Initial salmon samples showed a value of 0.03 ± 0.01 mg TMA-N/100 g, values close to that obtained by other authors (0.05 ± 0.01 mg TMA-N/100 g) (Rodríguez et al. 2008) also in Atlantic salmon (Table 4). According to Hansen et al. (2009), salmon contains naturally low levels of TMAO and the TMA-N formation is low, which is in agreement with the low levels found in this study and in other salmon species (Dondero et al. 2004). After 6 days of storage, TMA-N formation was clearly affected by storage under AP/10 °C, presenting an increase (p < 0.05) of the initial values of about 570-fold. In addition, although not as pronounced and without significant statistical differences (p < 0.05), there was an increase of TMA-N values on samples stored at AP/5 °C of about 7.80-fold of the initial value, and a progressive increase (p < 0.05) on HS samples over storage time, showing an increase of about 57-fold the initial value at the 50th day of storage. The level of TMA-N found in fresh fish rejected by sensory panels varies between species, but it is typically around 10–15 mg TMA-N/100 g in aerobically stored fish (Dalgaard et al. 1993). Consequently, only samples stored at AP/10 °C could be rejected, since these fish samples showed a value of 15.88 ± 1.52 mg TMA-N/100 g.

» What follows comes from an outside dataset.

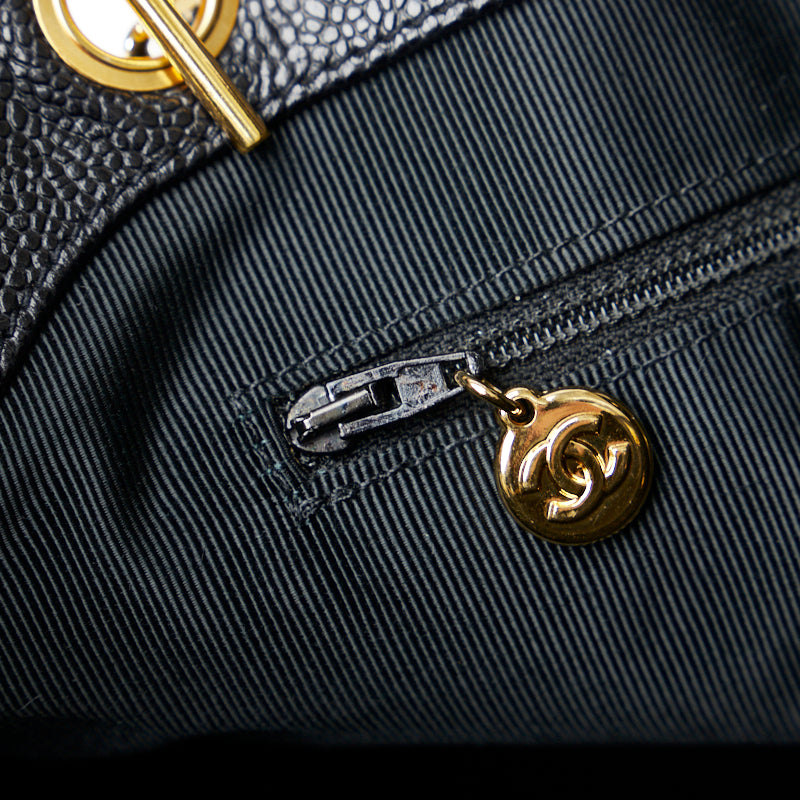 シャネル ココマーク チェーン トートバッグ ショルダーバッグ ブラック キャビアスキン レディース CHANEL 【中古】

TMA-N value is one of the most commonly employed quality methods to assess microbial activity in marine species kept under refrigerated conditions. According to Baixas-Nogueras et al. (2002), hake samples stored in ice showed values around 4 mg/100 g only after 20 days, but earlier and higher TMA-N values (> 15 mg/100 g after 10 days) were observed for samples stored at 6–8 °C (at AP), which agree to what was obtained in the current study.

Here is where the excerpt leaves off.